* **THE DATA**:
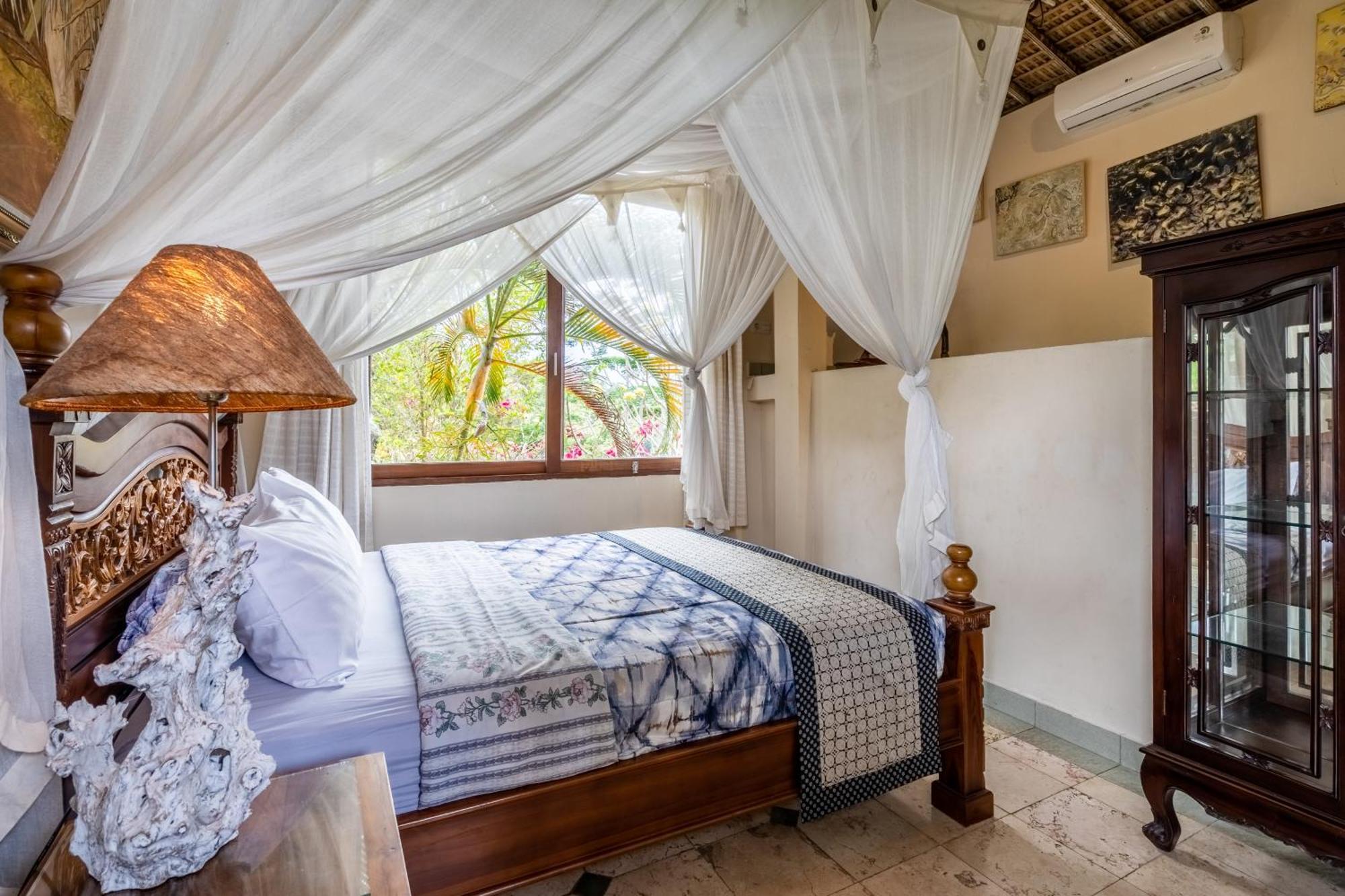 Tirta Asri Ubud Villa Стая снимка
---
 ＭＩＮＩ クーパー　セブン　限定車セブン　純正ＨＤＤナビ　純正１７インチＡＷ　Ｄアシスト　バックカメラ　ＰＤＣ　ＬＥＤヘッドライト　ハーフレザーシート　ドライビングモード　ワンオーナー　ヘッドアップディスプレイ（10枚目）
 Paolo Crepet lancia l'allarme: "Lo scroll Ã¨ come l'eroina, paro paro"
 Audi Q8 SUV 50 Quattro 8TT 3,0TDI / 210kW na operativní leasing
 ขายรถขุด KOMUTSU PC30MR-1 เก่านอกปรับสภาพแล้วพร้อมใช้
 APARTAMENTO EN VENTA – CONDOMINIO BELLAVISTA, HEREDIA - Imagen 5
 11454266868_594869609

* **EXERCISE**: A verbatim transcription is needed of the lines above, starting at the line with "APARTAMENTO EN VENTA" and ending at the line with "11454266868_594869609", both included, and of nothing else.

* **TASK ANSWER**:
 APARTAMENTO EN VENTA – CONDOMINIO BELLAVISTA, HEREDIA - Imagen 5
 11454266868_594869609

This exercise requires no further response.